--- Instructions to follow ---
Word for word, copy the line that contains "Okay. Back in" and each line after it in the data below. Pictures stay out of the copy.

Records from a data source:
□ □ □ □

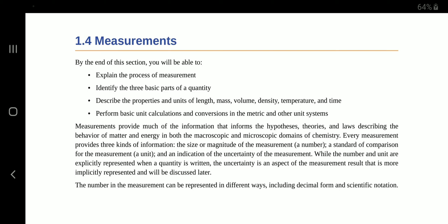By the end of this section you will be able to explain the process of measurement, identify the three basic parts of a quantity, describe the properties and units of length, mass, volume, density, temperature and time, and perform basic unit calculations and conversions in the metric and other unit systems.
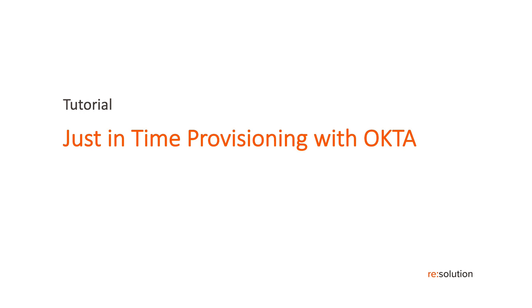Hey, thanks for watching our tutorial about single sign-on with Okta. This one is the one with just-in-time provisioning, and just-in-time provisioning means we will create and update the users based on the content of the SAML message when the user logs in.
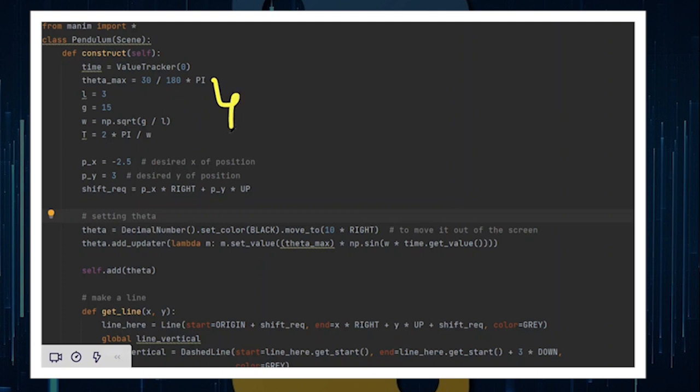I'm going to give you a walkthrough that I particularly use to make a pendulum, so that you can make a pendulum as well. Firstly, what you need to do is define some constants in Manim.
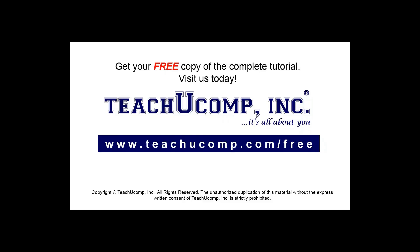Get your free copy of the complete tutorial at www.teachyoucomp.com forward slash free.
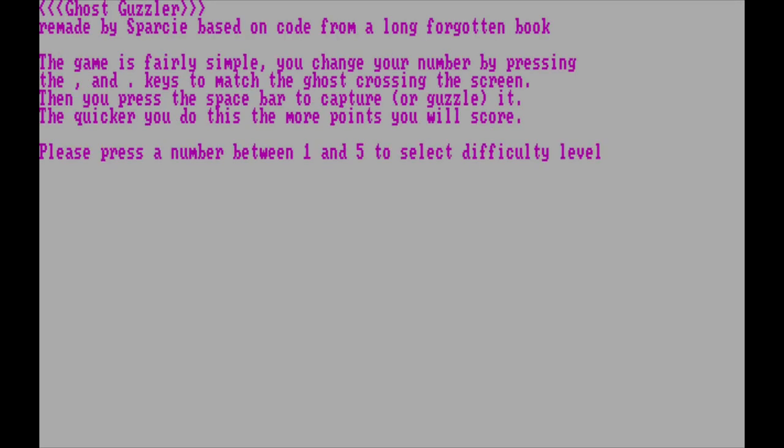Okay. Back in the day, when I actually did the remake, I didn't know which book this came from. It turns out that it came from the book Creepy Computer Games. That's where I found it fairly recently. So, let's have a go at playing.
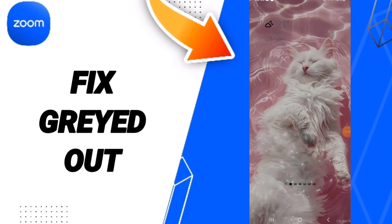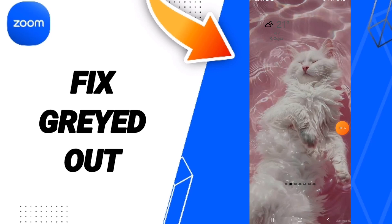Then turn your phone on again. Please don't forget to support us by liking and subscribing. See you next time in another video, and thank you for your attention — you're welcome.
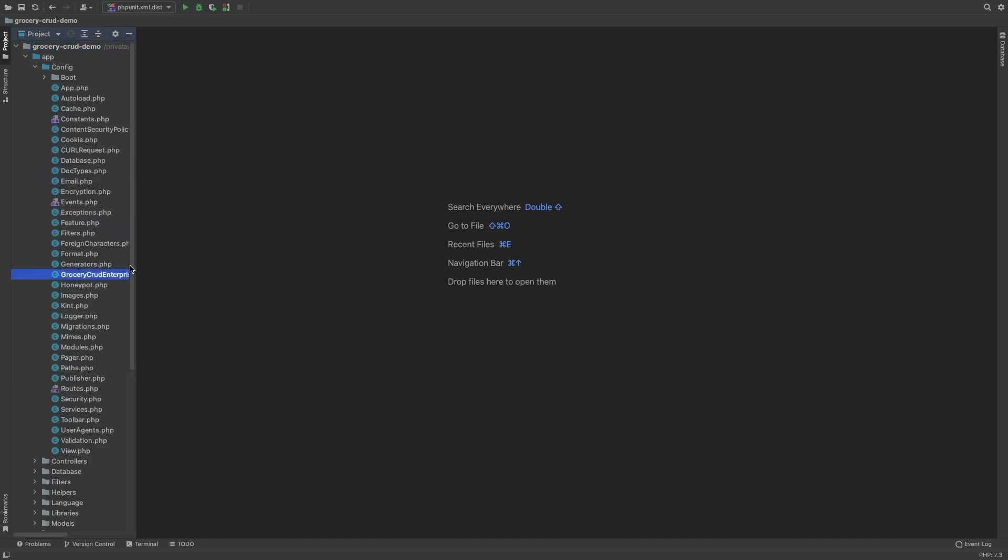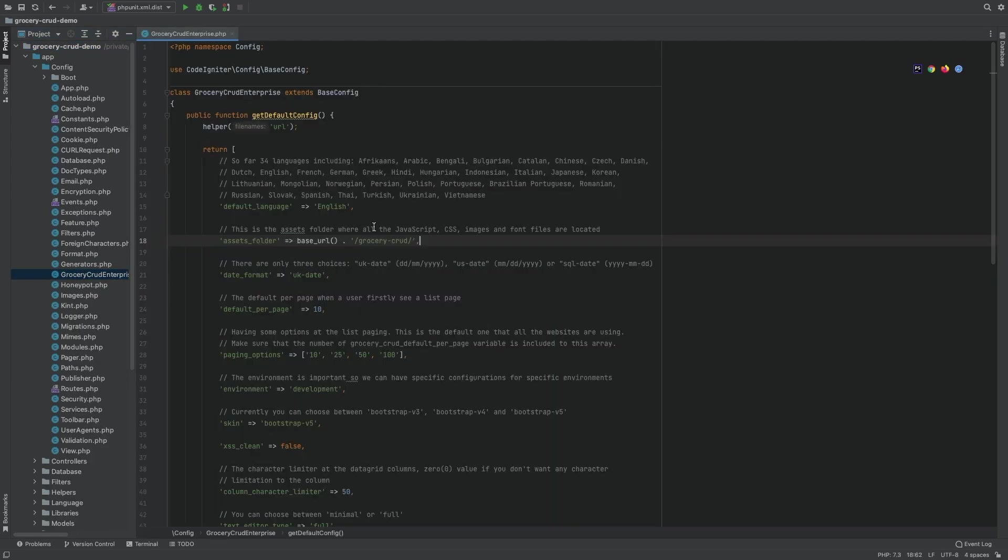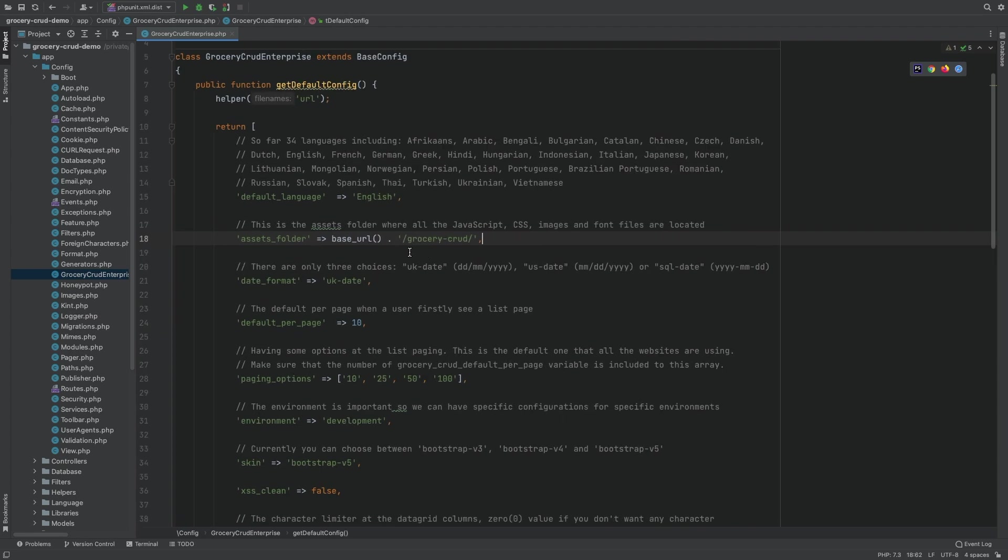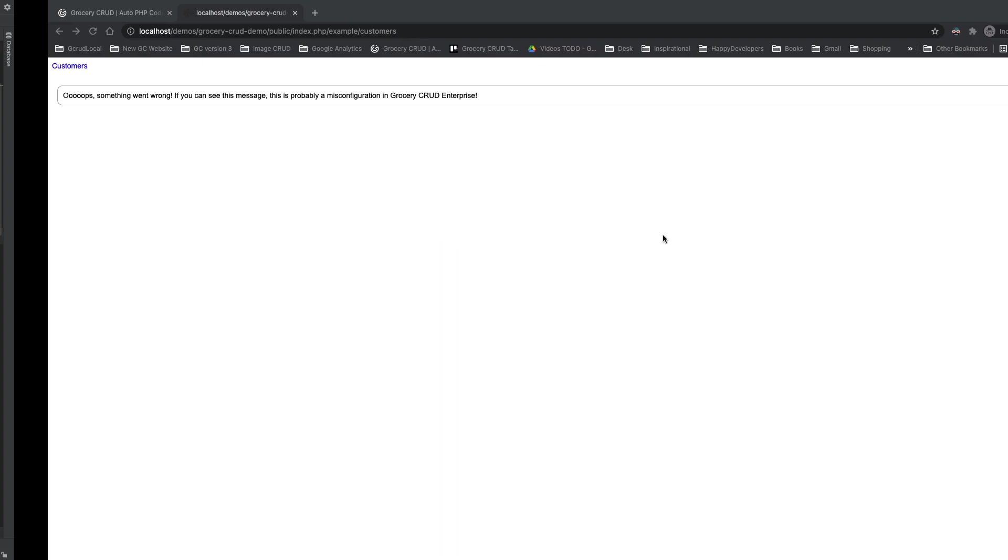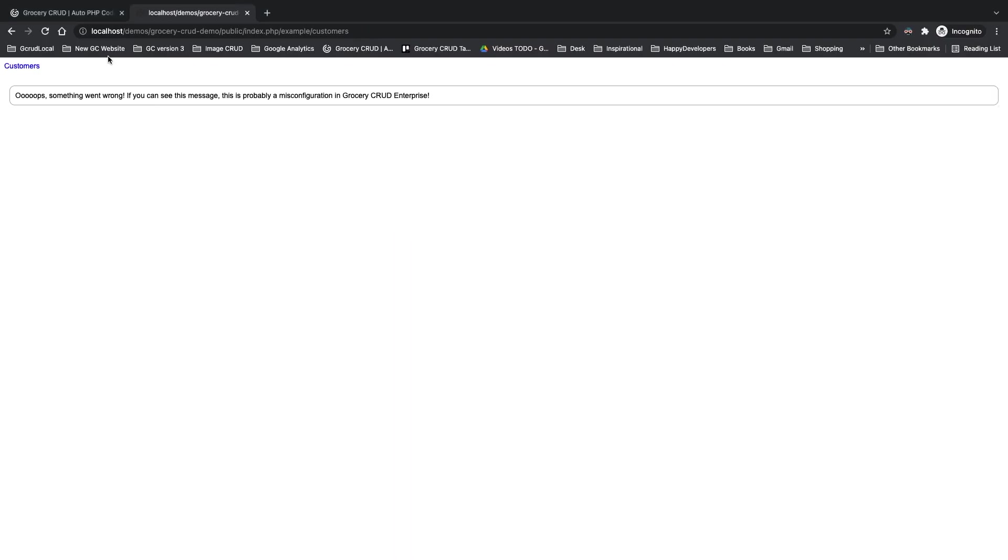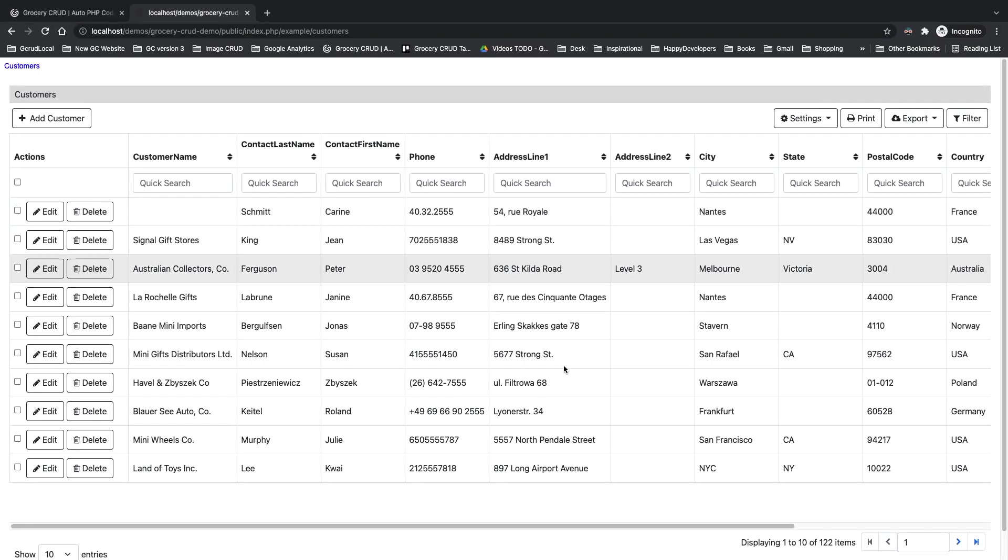And change the base URL path to your actual path of your assets. For example in my case if I replace the assets folder to my actual assets folder you can see that now my CRUD is loading as expected.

□ □ □ □

--- Exercise result ---
Okay. Back in the day, when I actually did the remake, I didn't know which book this came from. It turns out that it came from the book Creepy Computer Games. That's where I found it fairly recently. So, let's have a go at playing.
Then turn your phone on again. Please don't forget to support us by liking and subscribing. See you next time in another video, and thank you for your attention — you're welcome.
And change the base URL path to your actual path of your assets. For example in my case if I replace the assets folder to my actual assets folder you can see that now my CRUD is loading as expected.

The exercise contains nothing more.